Mas o mais impressionante é que as funcionalidades dessas proteínas extrusadas vão muito além da estrutura. Ao simular os glóbulos de gordura, as micropartículas formadas por WPI (isolado proteico de soro) oferecem textura cremosa a produtos com baixo teor de gordura. Isso significa, por exemplo, que uma bebida láctea ou um iogurte dietético pode ter sensação de cremosidade e corpo – mesmo com fórmulas mais leves.
Claro que nem tudo são flores. Ainda há muitas lacunas: o comportamento da gordura durante a extrusão de queijos, a influência do cálcio e da umidade, e a necessidade de estudos sensoriais com consumidores reais. Além disso, não há uma clareza sobre os impactos ambientais reais da substituição de etapas tradicionais de cozimento (como nas macas de queijo mussarela) por extrusão. Uma avaliação de ciclo de vida (ACV) se faz urgente.
Mas é impossível negar o potencial. A extrusão pode trazer economia de água, energia, controle de perdas e ganhos em produtividade. Mais do que isso: abre espaço para formulações híbridas, misturando leite e plantas, como amido de ervilha ou fibra de trigo – uma combinação interessante para snacks, barras e até queijos funcionais.

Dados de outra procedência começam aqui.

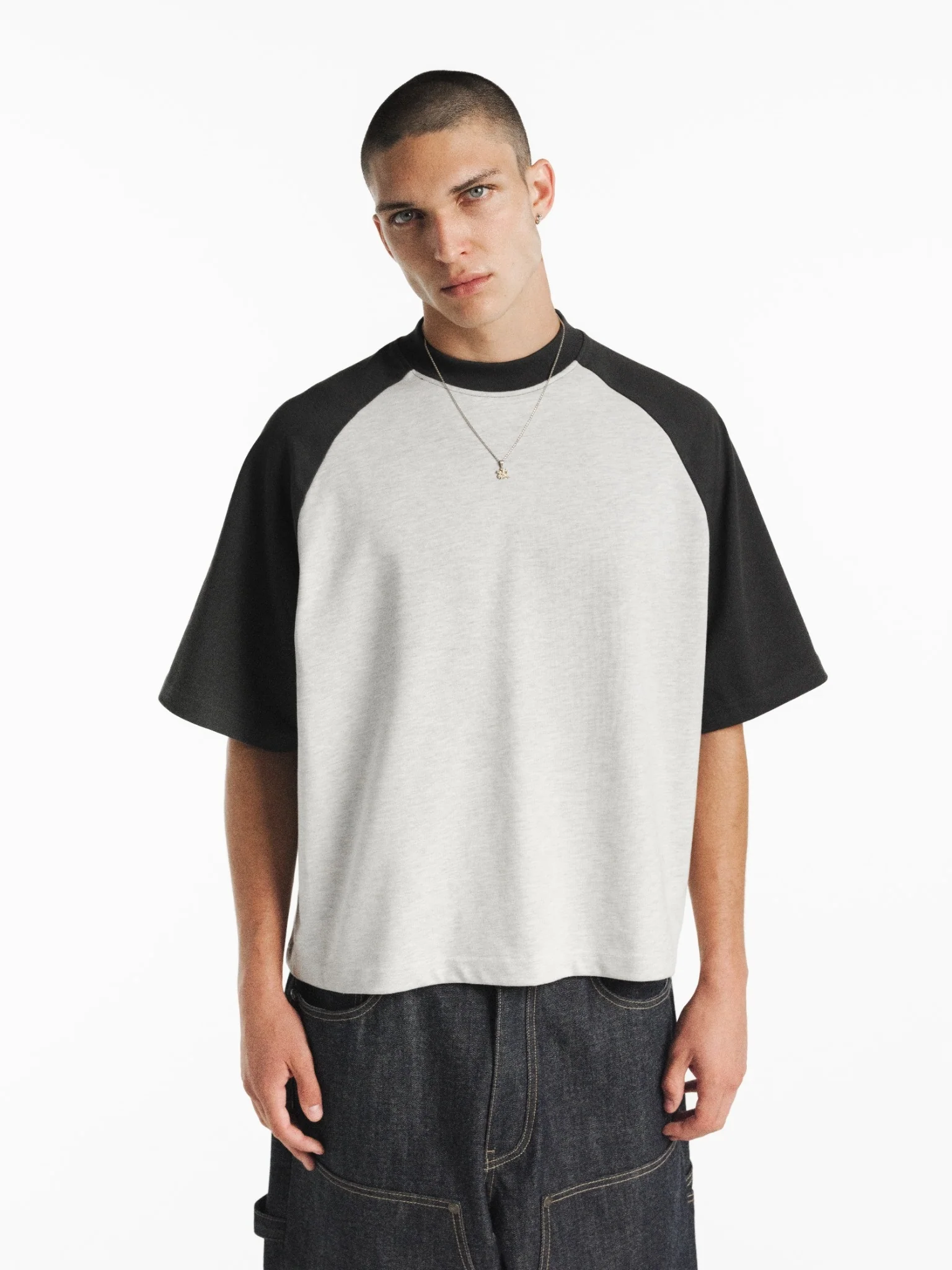 RAGLAN SS T-SHIRT - ARCTYC/GRANITE - Image 10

Neste cenário, a indústria láctea precisa deixar de lado o preconceito e se abrir ao uso de tecnologias modernas para além da pasteurização, secagem e fermentação. A extrusão é uma aliada poderosa na busca por alimentos de alto valor agregado, mais acessíveis, sustentáveis e adaptados a nichos de mercado ainda pouco explorados.
Se o consumidor já aceita carnes plant-based, por que não aceitaria um queijo de alta umidade estruturado por extrusão? A pergunta não é mais se vai acontecer. A questão é: quem vai liderar esse movimento?